The Eleusian Mysteries
While we were all screaming about AIG bonuses, look what the Fed did today: Fed in Bond-Buying Binge to Spur Growth
The Federal Reserve ramped up its effort to revive the economy, declaring it would buy as much as $300 billion of long-term U.S. Treasury securities in the next few months and hundreds of billions of dollars more in mortgage-backed securities.
The Fed had already cut its benchmark interest-rate target to near zero. Unable to go lower, the central bank now is essentially printing money to raise the supply of credit and thus push down the longer-term rates paid by families and companies on mortgages and other key loans. The impact was immediately felt.
All told, the Fed will pump as much as an extra $1.15 trillion into the economy via bond purchases. The Fed will buy as much as $300 billion in long-term Treasurys in the next six months. It will increase the ceiling on purchases of mortgage-backed securities guaranteed by Fannie Mae and Freddie Mac to $1.25 trillion, up from $500 billion. The Fed also is doubling potential purchases of their debt, to $200 billion.
So what happens if half of that $2 trillion is no longer "money" from foreigners - it is a circle-jerk from The Fed and Treasury? You can basically remove it, that's what.
Now look at that chart - you can't remove the "net interest" (about $250 billion), because that has to be paid. "Other spending", that is, other than defense, interest, and social programs, is about $700 billion. Defense is also about $700 billion.

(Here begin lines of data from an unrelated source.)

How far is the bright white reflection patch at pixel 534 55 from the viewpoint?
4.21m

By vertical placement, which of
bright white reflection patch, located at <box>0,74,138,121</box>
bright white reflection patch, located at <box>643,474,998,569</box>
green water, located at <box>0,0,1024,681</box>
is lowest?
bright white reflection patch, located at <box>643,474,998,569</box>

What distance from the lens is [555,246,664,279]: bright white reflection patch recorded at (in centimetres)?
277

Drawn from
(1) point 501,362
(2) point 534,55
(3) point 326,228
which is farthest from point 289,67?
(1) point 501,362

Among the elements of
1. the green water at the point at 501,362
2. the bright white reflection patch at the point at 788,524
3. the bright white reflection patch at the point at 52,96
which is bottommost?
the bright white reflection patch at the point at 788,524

If we find ourselves unable to sell debt to actual investors with actual money, and are circle-jerking ourselves; to balance this budget we would need to contract spending to roughly $1.0-1.5 trillion in total.
Since the interest payments are inviolate, that leaves us $1.25 trillion for everything else. Assume we can cut half of the defense budget, and we've got $800 billion left. Cutting "other spending" (that is, all other programs) by 50% would leave us with about $500 billion net-net for social programs - forcing a reduction of about sixty percent in Social Security, Medicare and Medicaid - all at once.
In short this would wind up costing us roughly a 50% across-the-board cut in every program within government on an immediate basis. That in turn would force further reductions in GDP, which would further shrink tax revenues.
You can see where this leads, I'm sure, and it's not pretty.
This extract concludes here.